### Exercise prompt
Write out again, word for word, the lines below from the line that holds "Nemuru Grand Serpong" through the line that holds "Fuji Fujifilm BC-NHS", omitting pictures.

### Input records
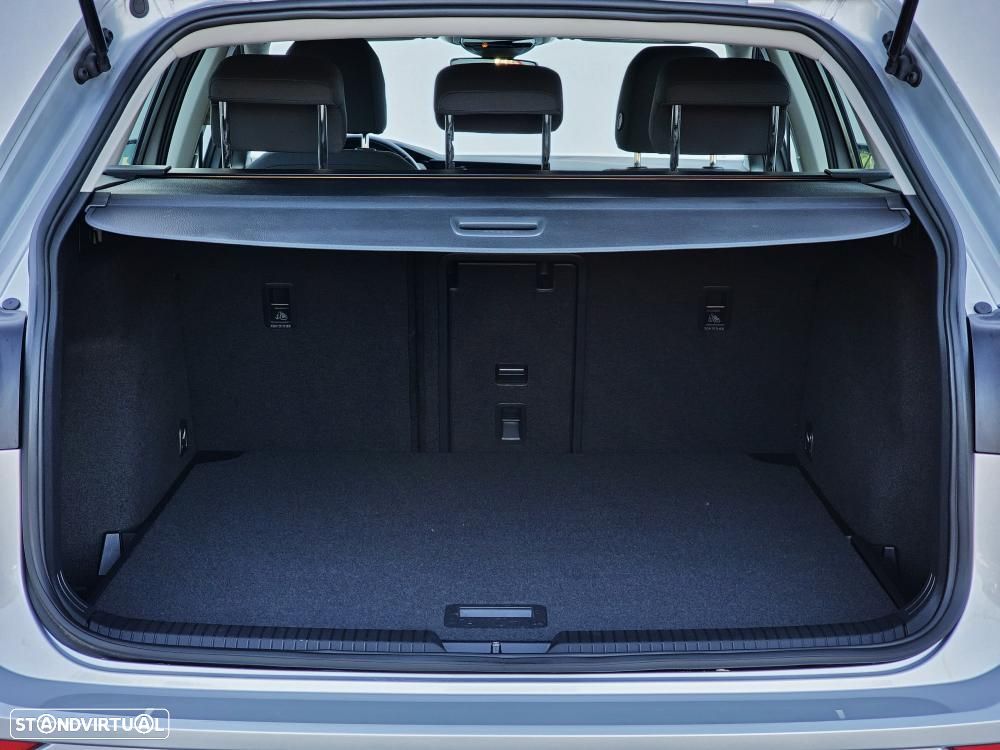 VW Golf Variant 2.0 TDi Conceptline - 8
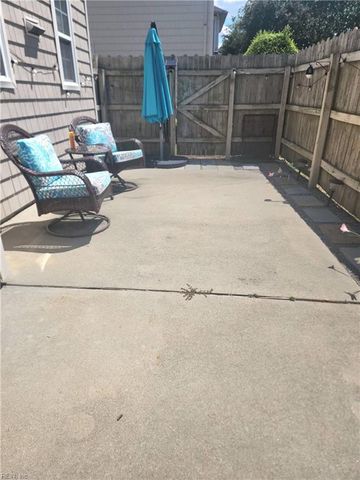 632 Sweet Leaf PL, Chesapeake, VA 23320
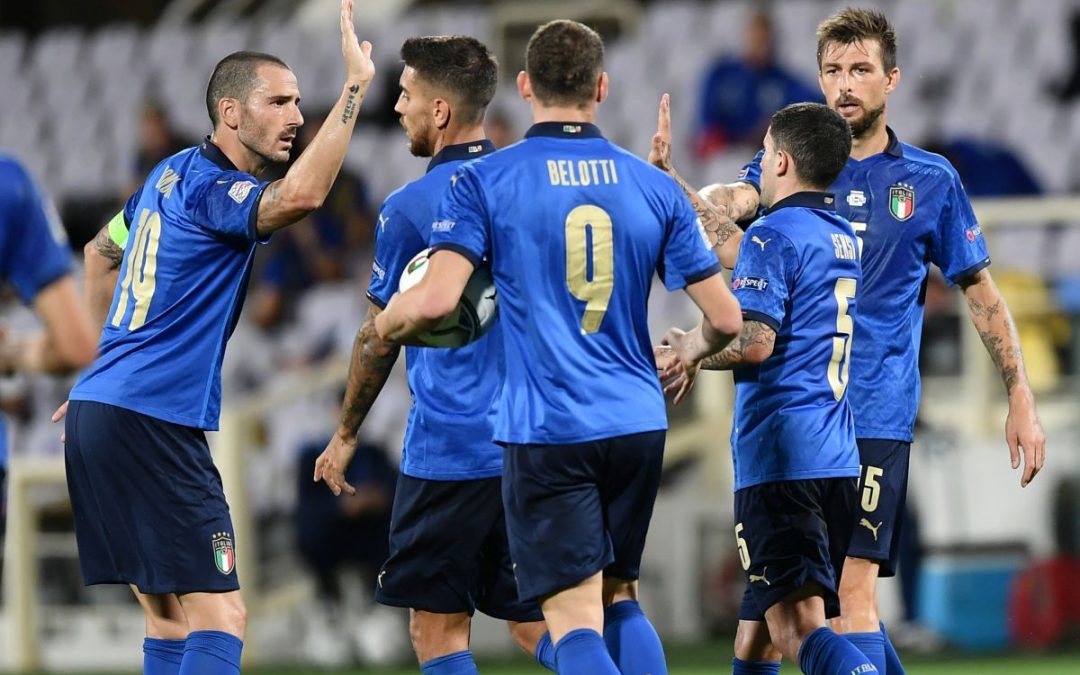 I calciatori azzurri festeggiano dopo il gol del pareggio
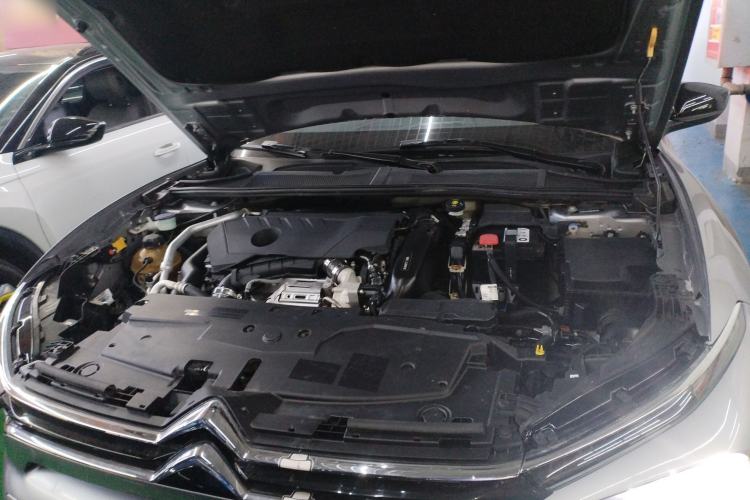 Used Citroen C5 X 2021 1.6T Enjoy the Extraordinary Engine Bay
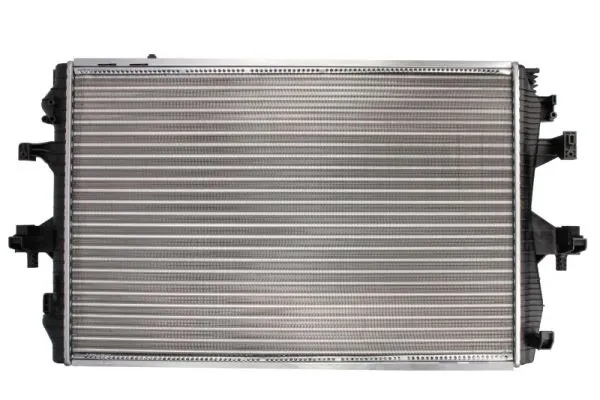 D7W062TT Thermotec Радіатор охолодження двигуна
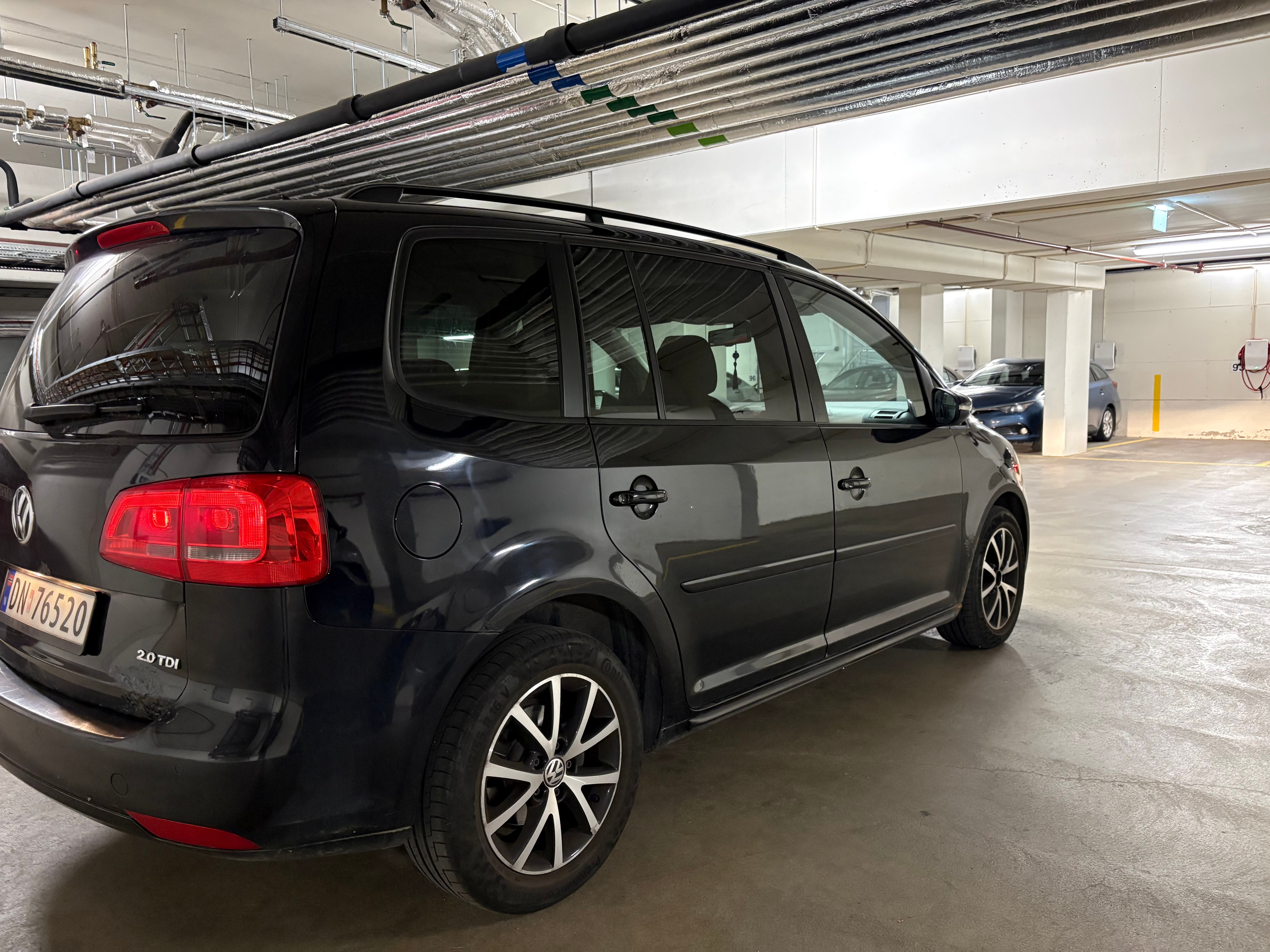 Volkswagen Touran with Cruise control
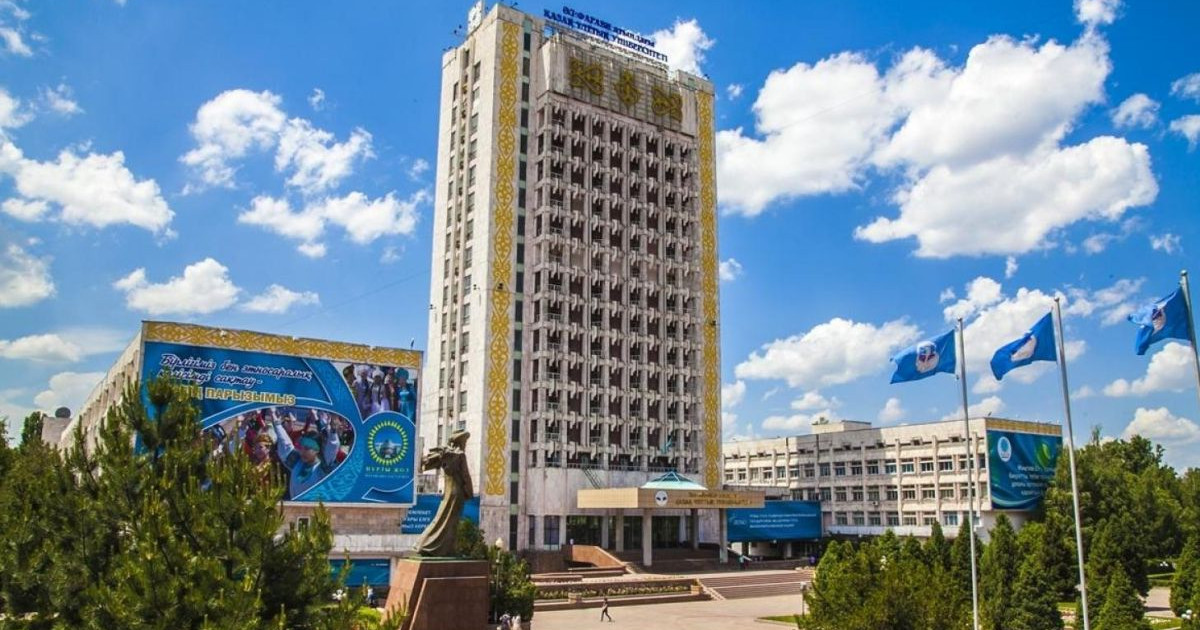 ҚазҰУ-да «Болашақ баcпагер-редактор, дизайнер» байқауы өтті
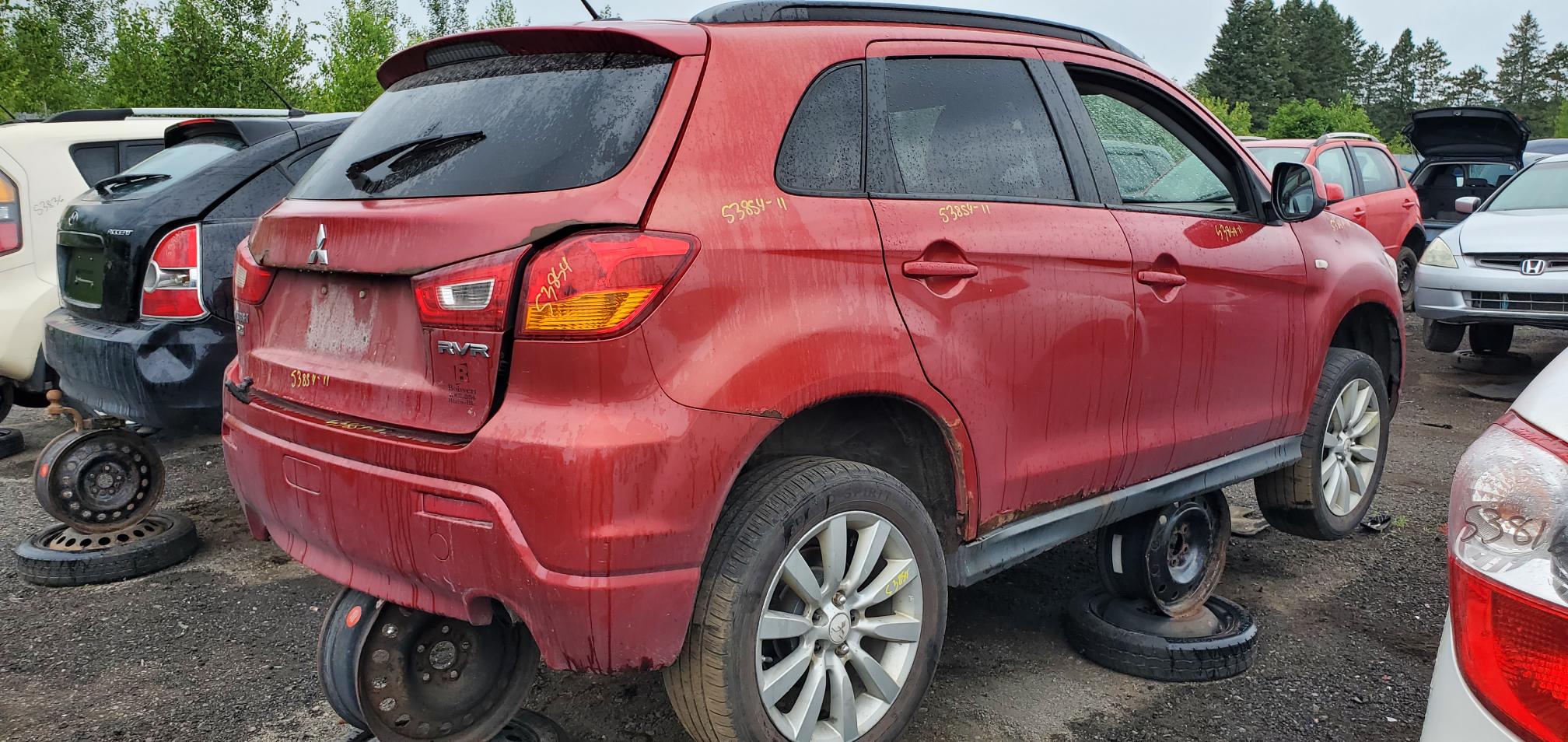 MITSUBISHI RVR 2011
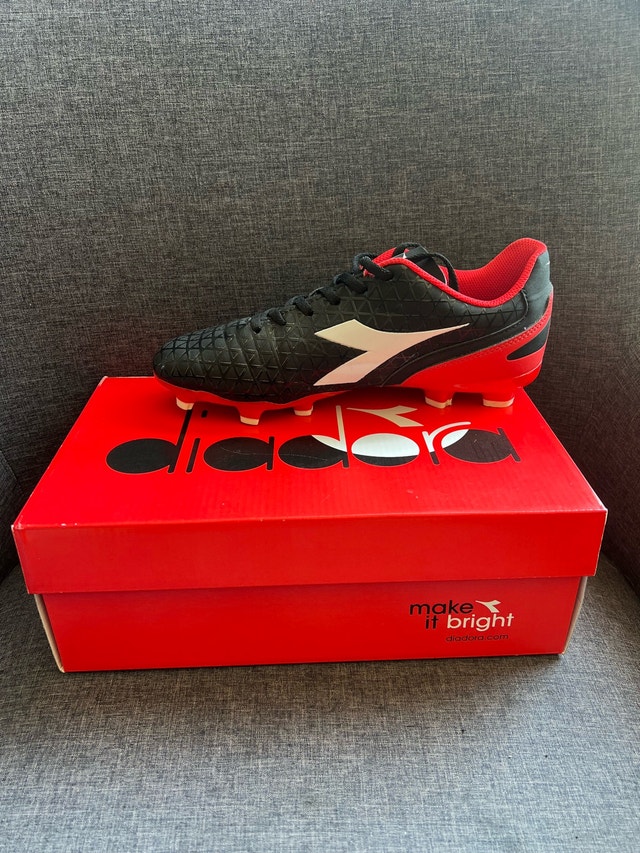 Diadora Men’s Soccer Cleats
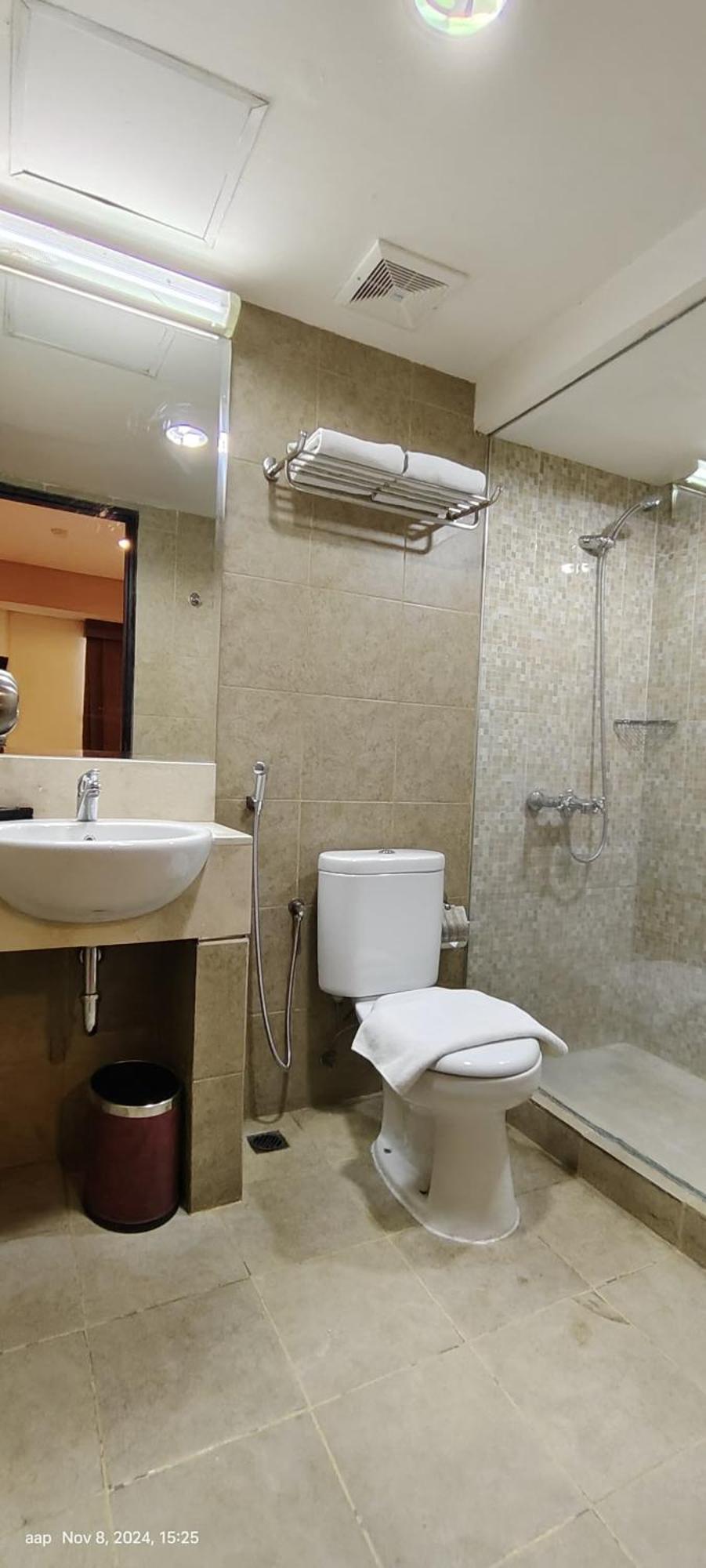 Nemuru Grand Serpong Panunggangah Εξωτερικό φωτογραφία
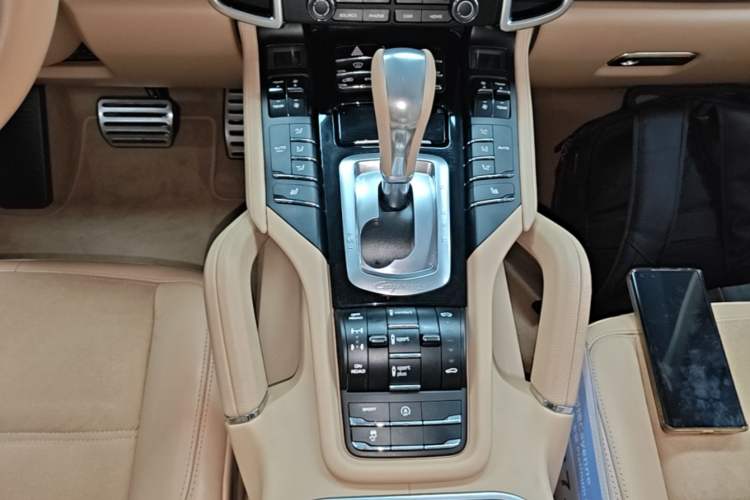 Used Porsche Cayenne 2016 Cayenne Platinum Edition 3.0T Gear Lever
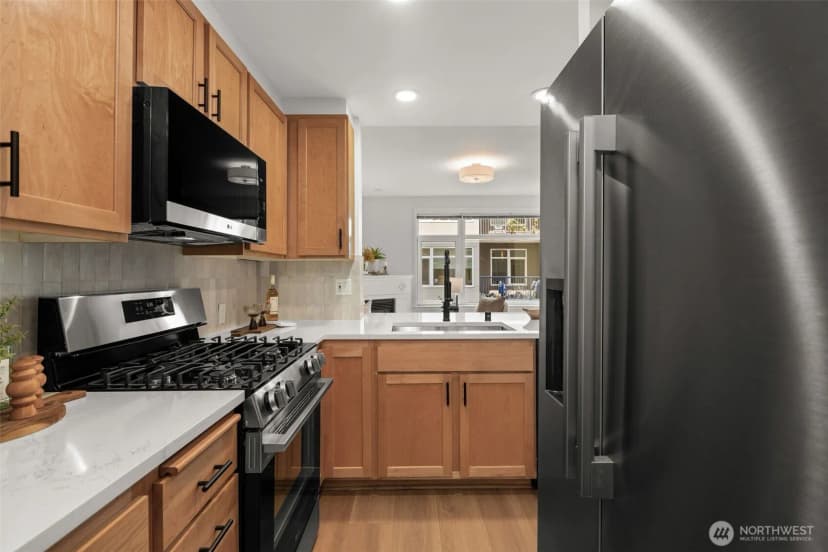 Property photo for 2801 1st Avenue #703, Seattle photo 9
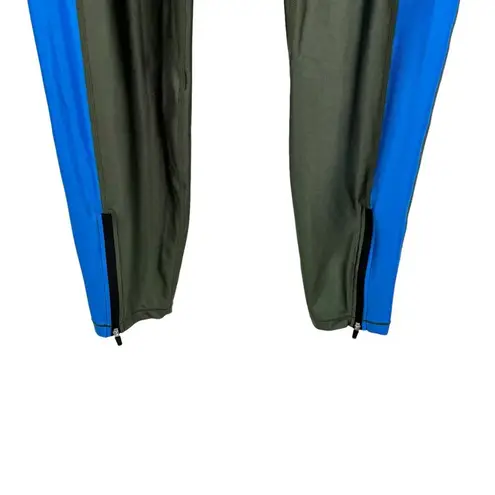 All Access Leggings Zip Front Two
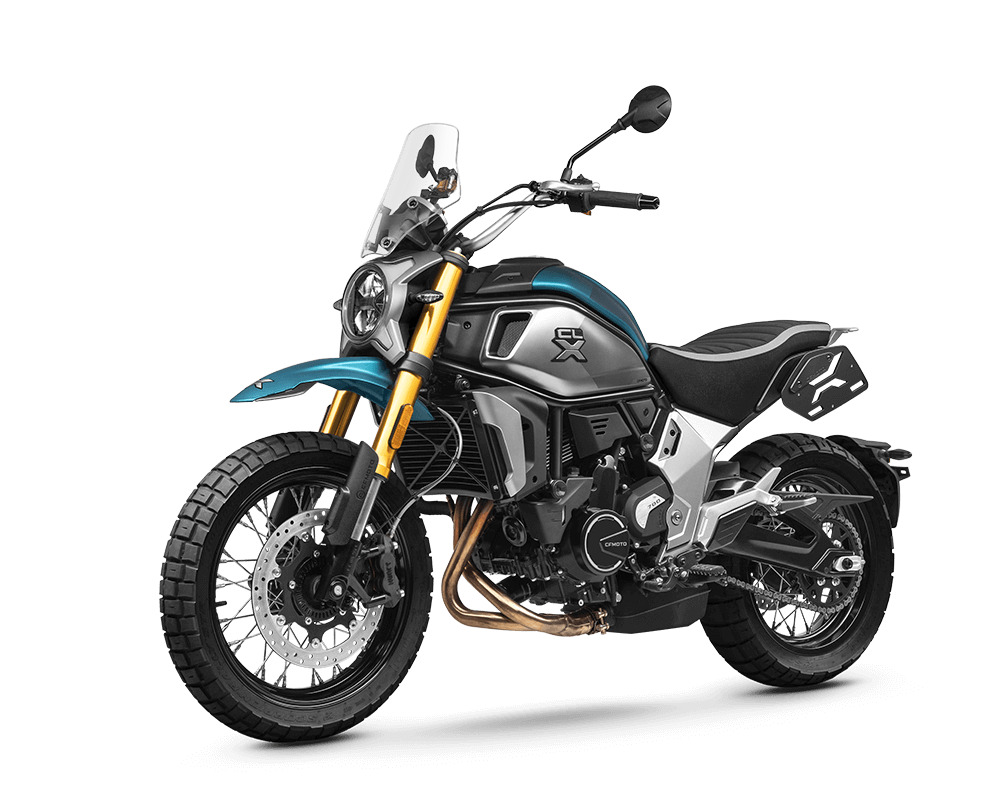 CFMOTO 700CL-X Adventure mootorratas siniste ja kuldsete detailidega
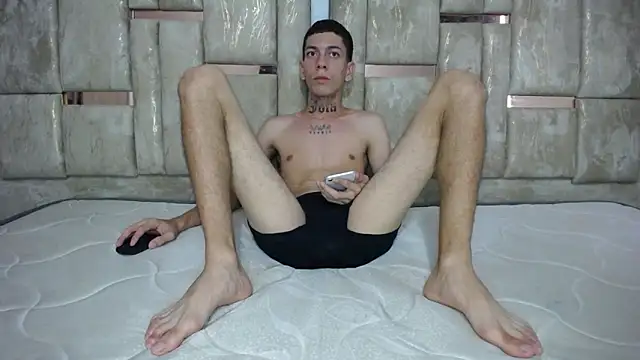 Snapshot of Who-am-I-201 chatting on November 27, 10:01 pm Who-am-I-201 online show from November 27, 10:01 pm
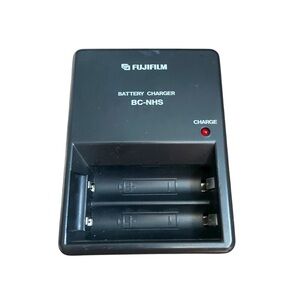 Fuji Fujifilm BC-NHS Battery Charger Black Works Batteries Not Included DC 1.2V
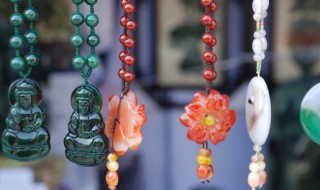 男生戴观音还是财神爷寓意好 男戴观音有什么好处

### Exercise output
 Nemuru Grand Serpong Panunggangah Εξωτερικό φωτογραφία
 Used Porsche Cayenne 2016 Cayenne Platinum Edition 3.0T Gear Lever
 Property photo for 2801 1st Avenue #703, Seattle photo 9
 All Access Leggings Zip Front Two
 CFMOTO 700CL-X Adventure mootorratas siniste ja kuldsete detailidega
 Snapshot of Who-am-I-201 chatting on November 27, 10:01 pm Who-am-I-201 online show from November 27, 10:01 pm
 Fuji Fujifilm BC-NHS Battery Charger Black Works Batteries Not Included DC 1.2V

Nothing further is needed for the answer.